For this exercise, please try to reproduce the results from Study 1 of the associated paper (Joel, Teper, & MacDonald, 2014). The PDF of the paper is included in the same folder as this Rmd file.

Methods summary:

In study 1, 150 introductory psychology students were randomly assigned to a “real” or a “hypothetical” condition. In the real condition, participants believed that they would have a real opportunity to connect with potential romantic partners. In the hypothetical condition, participants simply imagined that they are on a date. All participants were required to select their favorite profile and answer whether they were willing to exchange contact information.


Target outcomes:

Below is the specific result you will attempt to reproduce (quoted directly from the results section of Study 1):

We next tested our primary hypothesis that participants would be more reluctant to reject the unattractive date when they believed the situation to be real rather than hypothetical. Only 10 of the 61 participants in the hypothetical condition chose to exchange contact information with the unattractive potential date (16%). In contrast, 26 of the 71 participants in the real condition chose to exchange contact information (37%). A chi-square test of independence indicated that participants were significantly less likely to reject the unattractive potential date in the real condition compared with the hypothetical condition, X^2(1, N = 132) = 6.77, p = .009.


Step 1: Load packages

library(tidyverse) # for data munging
library(knitr) # for kable table formating
library(haven) # import and export 'SPSS', 'Stata' and 'SAS' Files
library(readxl) # import excel files

# #optional packages:
# library(broom)
library(labelled)# converts SPSS's labelled to R's factor 

Step 2: Load data

# Just Study 1
d <- read_sav('data/Empathy Gap Study 1 data.sav')

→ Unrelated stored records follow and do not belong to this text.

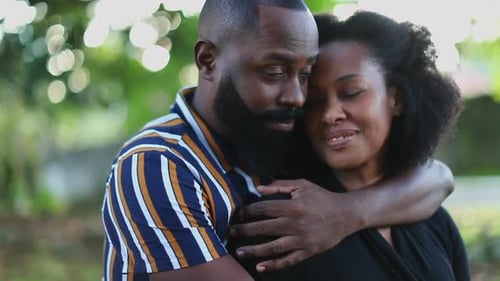 Affectionate couple together ar park. African relationship love and care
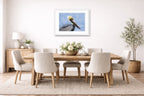 Pelican Posing against a blue sky printed on fine art paper, framed on a white frame and matted. Hung on a dining room wall.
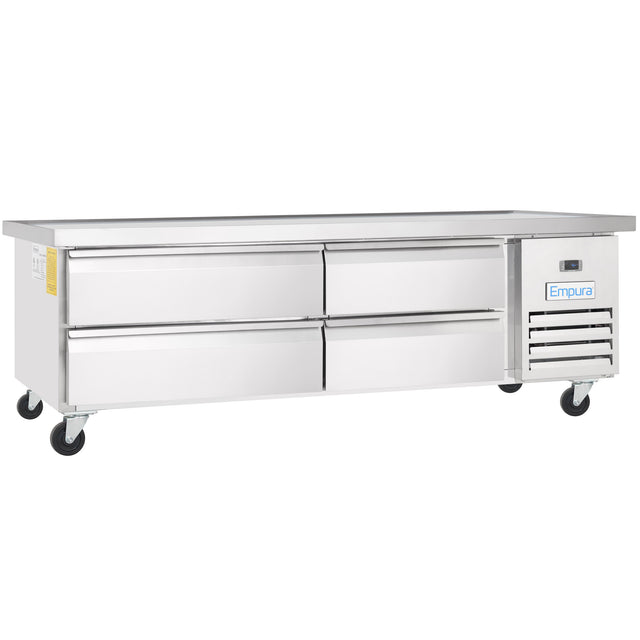 A long, stainless steel Empura refrigeration unit with four pull-out drawers, a flat top, sturdy black wheels, and a vented cooling system on the right. This Refrigerated equipment stand features a digital temperature display and Empura brand logo on the front.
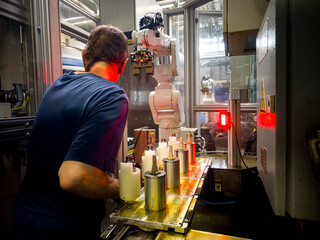 Worker operating robotic machine in a manufacturing facility during daytime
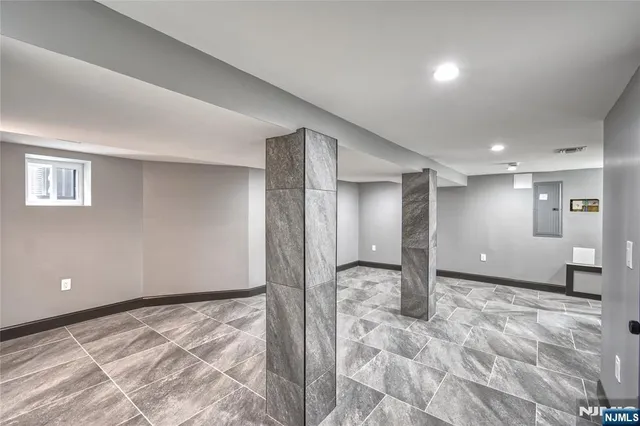 a view of a big room with a chandelier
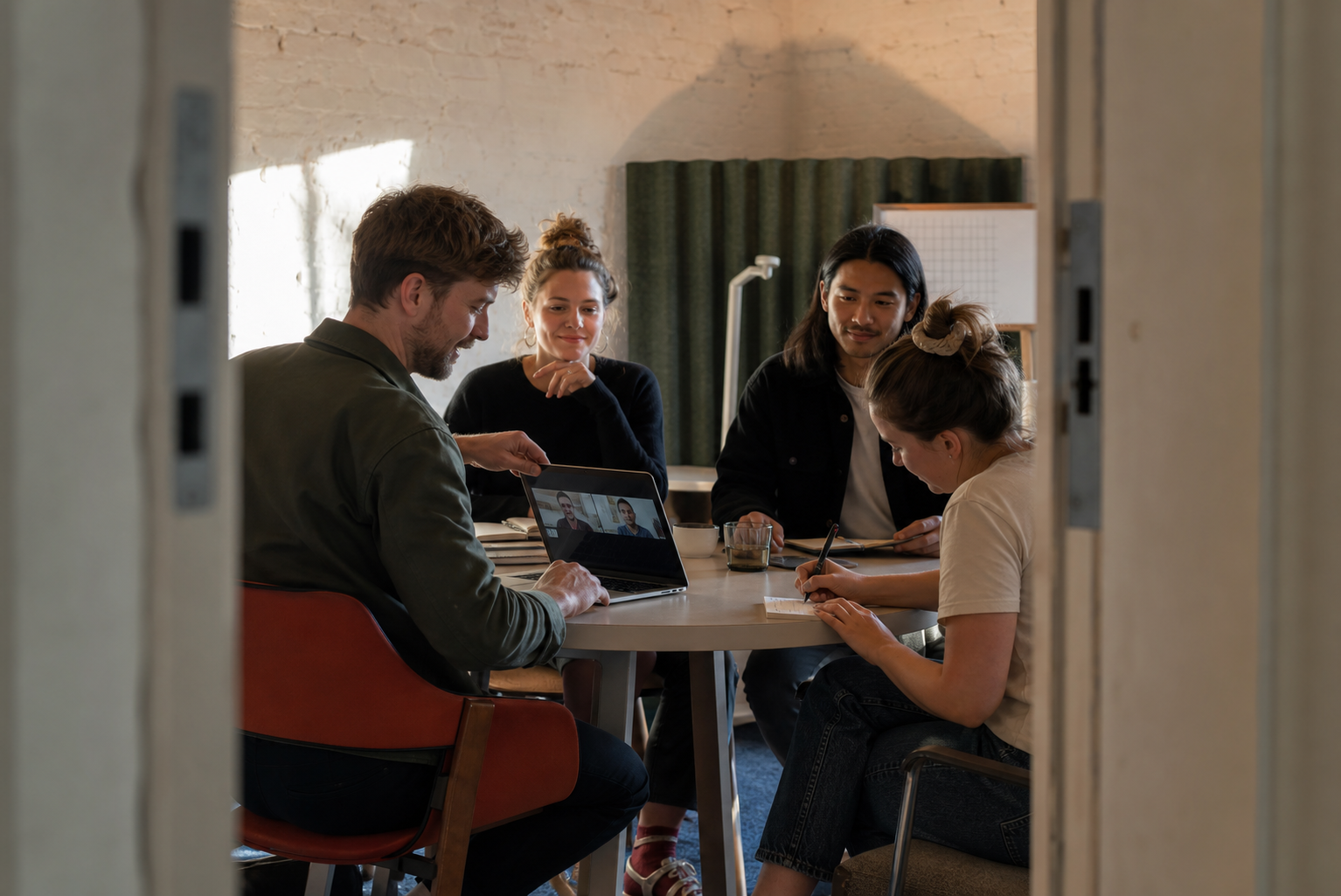 Vier collega's ronden in een kleine studio een hybride overleg af terwijl een besluit wordt genoteerd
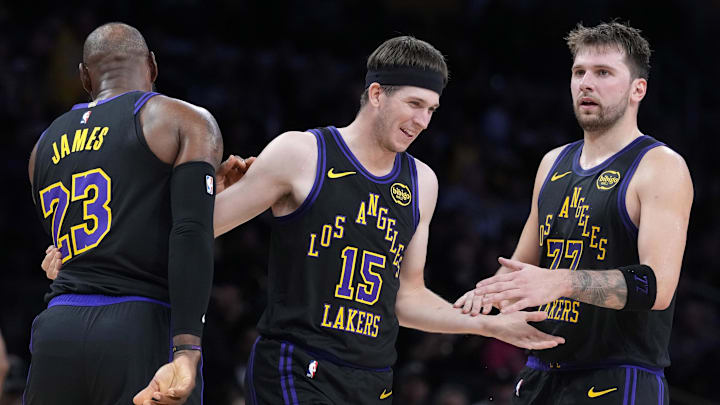Nov 18, 2025; Los Angeles, California, USA; Los Angeles Lakers guard Austin Reaves (15) is congratulated by forward LeBron James (23) and guard Luka Doncic (77) after a three-point basket in the second quarter at Crypto.com Arena. Mandatory Credit: Kirby Lee-Imagn Images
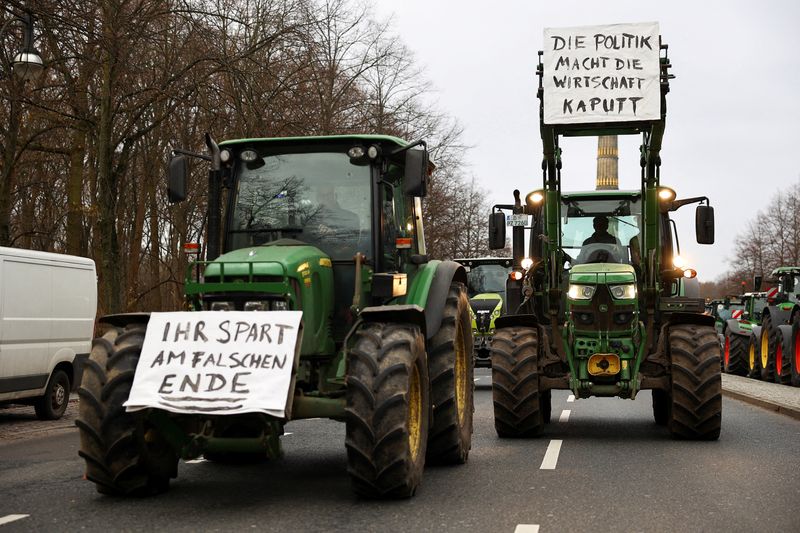 &copy; Reuters. FILE PHOTO: German farmers in tractors take part in a protest against the cut of vehicle tax subsidies, as signs are displayed on the front of their tractors that read "You're saving at the wrong end" and "Politics is breaking the economy", in Berlin, Ger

Most of this is random stuff I don’t care about, want exchangeinfo & condition.

Step 3: Tidy data

d_tidy <- d %>% select(exchangeinfo, condition) %>% 
  mutate(exchange.num=exchangeinfo,
         cond.num=condition,
    exchangeinfo=ifelse(exchangeinfo==1, "yes","no"),
         condition=ifelse(condition==1, "real", "hypothetical"))

Step 4: Run analysis

Descriptive statistics

Only 10 of the 61 participants in the hypothetical condition chose to exchange contact information with the unattractive potential date (16%). In contrast, 26 of the 71 participants in the real condition chose to exchange contact information (37%).

# reproduce the above results here

d_summ <- d_tidy %>% group_by(condition, exchangeinfo) %>% tally() %>% ungroup()

kable(d_summ)
condition exchangeinfo n
hypothetical no 51
hypothetical yes 10
real no 45
real yes 26

The numbers check out.

Inferential statistics

A chi-square test of independence indicated that participants were significantly less likely to reject the unattractive potential date in the real condition compared with the hypothetical condition, X^2(1, N = 132) = 6.77, p = .009.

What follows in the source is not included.